In oral arguments this week, the Colorado Supreme Court will take a look at a 63-year-old case in Colorado’s eminent domain law to figure out how broadly it applies. At issue is a Court of Appeals decision that interpreted the precedent’s peculiar fact pattern as a sweeping application of an exception to the takings clause. The key question: Does a covenant that restricts certain uses of property create a compensable property interest if a government declares eminent domain on it?
In 2018, the Court of Appeals ruled the application of a 1956 Supreme Court decision, Smith v. Clifton Sanitation District, is not limited to its fact pattern. In that case, property owners enacted a restrictive covenant against the use of their land as sanitation disposal after negotiations with a sanitation district to buy property for that purpose fell apart. The property owners’ clear goal was to prevent the sanitation district from declaring eminent domain to getting the land for its intended purpose, and the Supreme Court ultimately said the covenant did not create a property interest for compensation.
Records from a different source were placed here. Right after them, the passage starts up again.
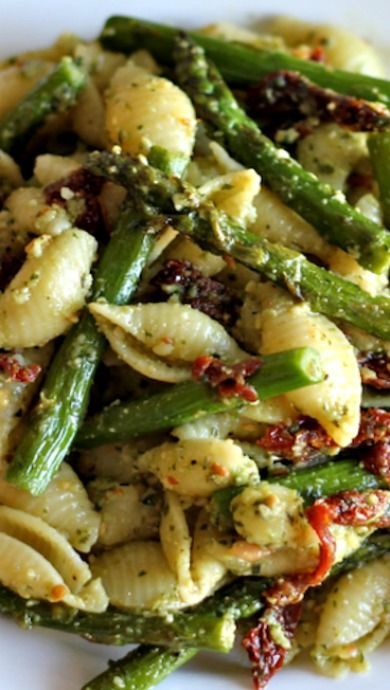 Pesto Pasta with Sun Dried Tomatoes and Roasted Asparagus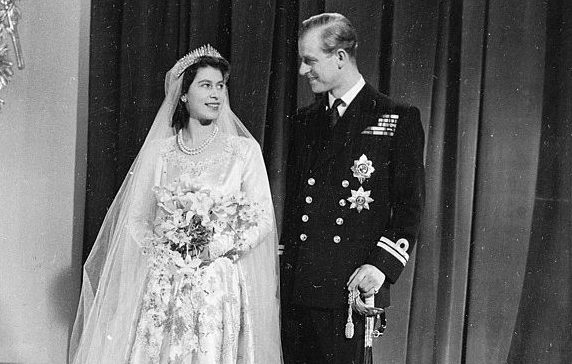 Regina elisabeta și-a cumpărat rochia cu cupoane Foto: wikipedia.org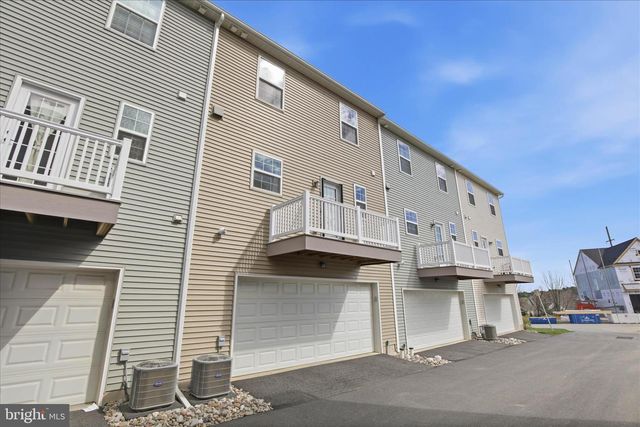 2429 SPRING WATER CIR, Lancaster, PA 17601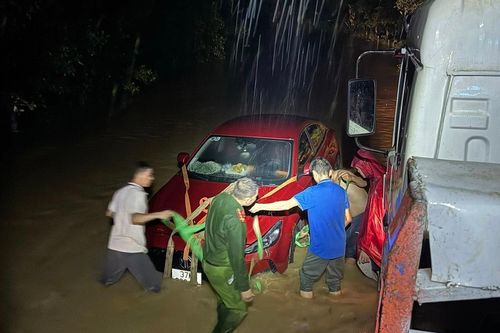 Nghệ An: Lũ lên quá nhanh, 1 người mất tích, 6 người thoát chết trong gang tấc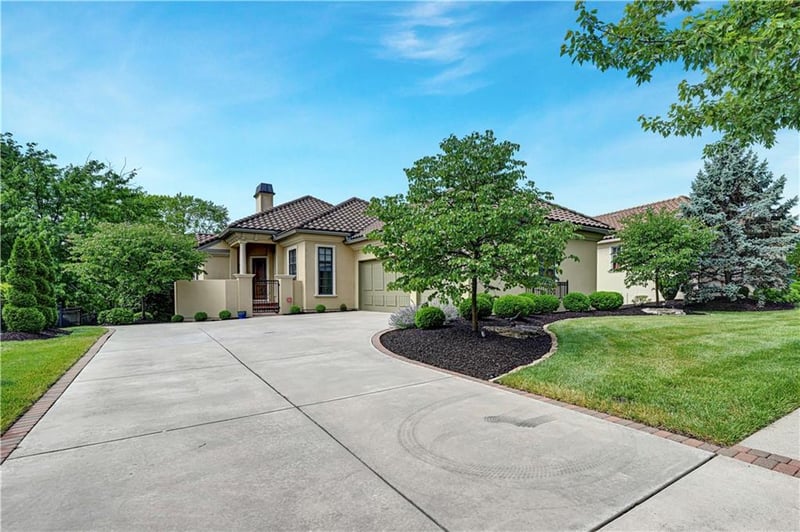 3313 138th St, Leawood, KS 66224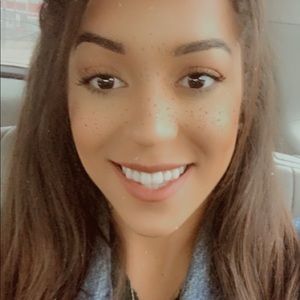 Meet your Posher, Kara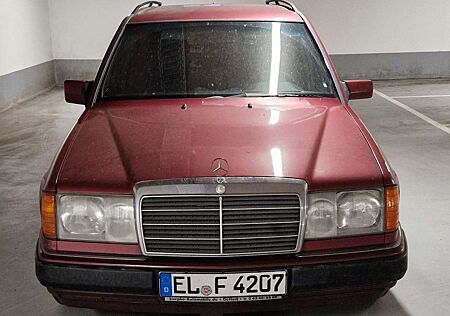 Mercedes-Benz E 300 TD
This new case on appeal from the Court of Appeals, formerly known as Town of Monument v. State of Colorado, involves a parcel Monument bought in a residential area to build a municipal water storage tank. A restrictive covenant that applies to all the subdivision’s property lots bars such structures. Monument filed a case to use its eminent domain power, but other property owners said because the covenant benefits all the subdivision’s property, Monument can’t have an exception to the covenant without compensating each property owner.
The Court of Appeals ruled in favor of Monument. The court read the Smith precedent broadly to mean a restrictive covenant does not create a property interest that a government has to compensate. The court acknowledged the fact pattern in Smith is unusual, but said the decision didn’t depend on on the property owners’ intent when they enacted the restrictive covenant.
The Supreme Court “could’ve just said that regardless whether such restrictive covenants are compensable property interests in this context, they aren’t when agreed to as part of a scheme to muck up a condemning authority’s plans to acquire property through eminent domain,” wrote Judge Jerry Jones for the Court of Appeals. “But the court didn’t say anything like that. Instead, it articulated a rule in broad terms, without caveat.” Key to Monument’s argument is that “private entities do not have the power to curtail a government’s proper use of the condemnation power, and that’s what our contention is,” said Joseph Rivera, special counsel with Murray Dahl Beery Renaud who represents Monument. The case is now Raymond Decker and Forest View Company v. Town of Monument. “However, I think why the court is looking at it is because other states have held differently.”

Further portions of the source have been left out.